Ce changement dans l’équilibre des pouvoirs économiques est à l’origine des grèves de Durban. Ils ont déclenché la croissance explosive des syndicats indépendants. À la fin des années 1970, le régime avait été contraint de légaliser les syndicats africains dans l’espoir de les intégrer. Au lieu de cela, le mouvement ouvrier en plein essor s’est croisé avec des soulèvements dans les townships noirs, d’abord à Soweto en 1976, puis à l’échelle nationale en 1984-86. Eddie était au cœur de tout ça.
Il appartenait à une génération d’intellectuels blancs anti-apartheid qui ont participé au renouveau du marxisme dans les années 1960 alors qu’ils étudiaient en Europe ou en Amérique du Nord, puis sont retournés lutter dans leur pays.

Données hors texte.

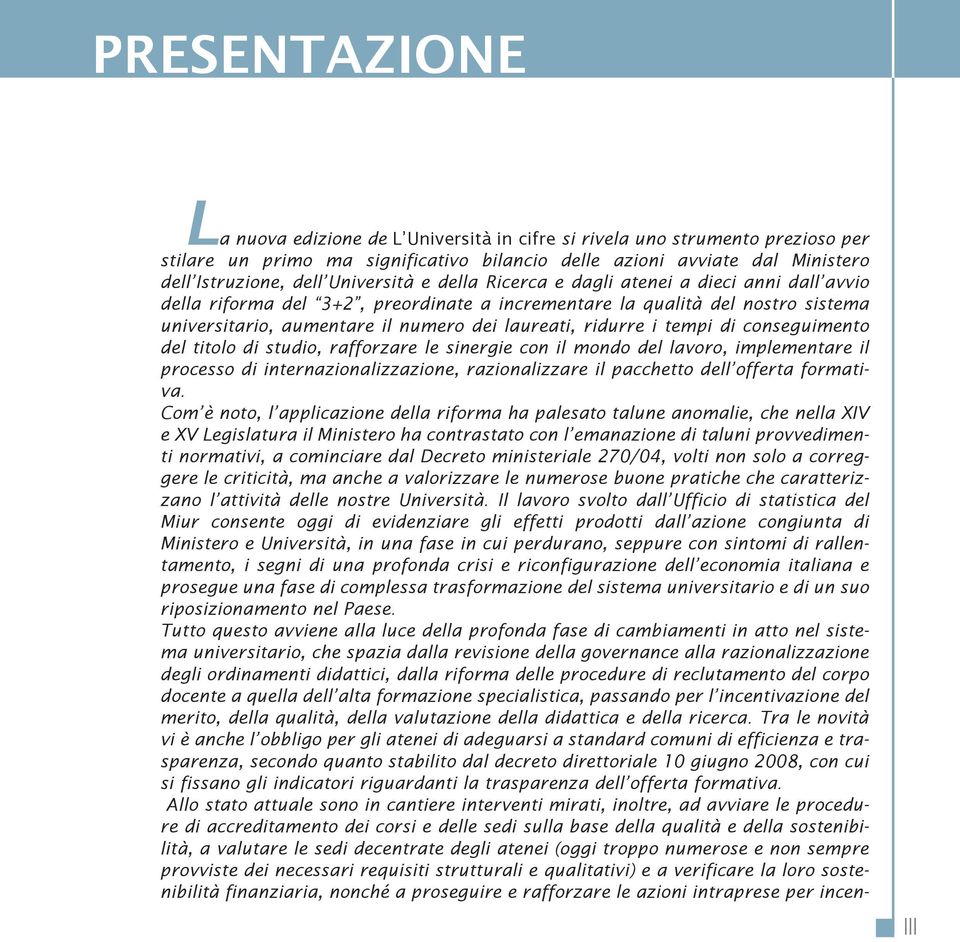 ridurre i tempi di conseguimento del titolo di studio, rafforzare le sinergie con il mondo del lavoro, implementare il processo di internazionalizzazione, razionalizzare il pacchetto dell offerta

Eddie a déclaré que lui et Turner étaient déterminés à « construire une base de pouvoir indépendante grâce à la participation au niveau de l’usine ». Les risques étaient élevés. Turner a été assassiné par la police de sécurité. Eddie lui-même a été jugé mais acquitté en vertu de la loi sur la répression du communisme en 1976.
Dans son premier livre, Cast in a Racial Mold (1985), il propose une analyse marxiste classique de la transformation de la classe ouvrière dans l’industrie mécanique. Une aristocratie ouvrière raciste dominée par des syndicats de métier blancs était remplacée par un syndicalisme de masse organisant des travailleurs noirs semi-qualifiés. Hélas, le chemin emprunté par cette politique s’est avéré compliqué.
Le nouveau mouvement a été consolidé lorsque le Congrès des syndicats sud-africains a été lancé en 1985. Mais les soi-disant « ouvriers » qui voulaient que les syndicats défendent les intérêts de la classe ouvrière de manière indépendante se sont retrouvés déjoués par les « populistes » soutenant le Congrès national africain (ANC). ). Ces derniers ont fait passer la libération nationale avant le socialisme. Sous Mandela, l’ANC a assuré le pouvoir politique mais a laissé le pouvoir économique entre les mains du capital. Les gouvernements successifs de l’ANC ont mis en œuvre des politiques néolibérales qui ont affaibli le mouvement syndical.
Longtemps basé à l’Université Wits de Johannesburg, Eddie est resté ce que le sociologue Michael Buroway a appelé « une machine à mouvement perpétuel : un moulin à vent ». Chaleureusement et gentiment, il encourageait les jeunes universitaires. Et il a maintenu son engagement sans faille envers le mouvement ouvrier. Ces dernières années, nous nous rencontrions sur l’île grecque d’Ithaque.
Ma famille et celle de l’épouse d’Eddie, Luli Callinicos, elle-même une historienne importante de la lutte de libération, viennent de là. Assis sur la plage en août dernier, Eddie m’a parlé de son dernier livre, une étude sur les travailleurs à la demande dans les villes d’Afrique. La classe ouvrière a peut-être changé, mais il reste essentiel de comprendre comment elle peut résister et poser les bases de sa libération. Le décès d’Eddie est très triste, mais sa vie montre l’importance de la théorie socialiste et de l’engagement politique en faveur de l’auto-émancipation des travailleurs.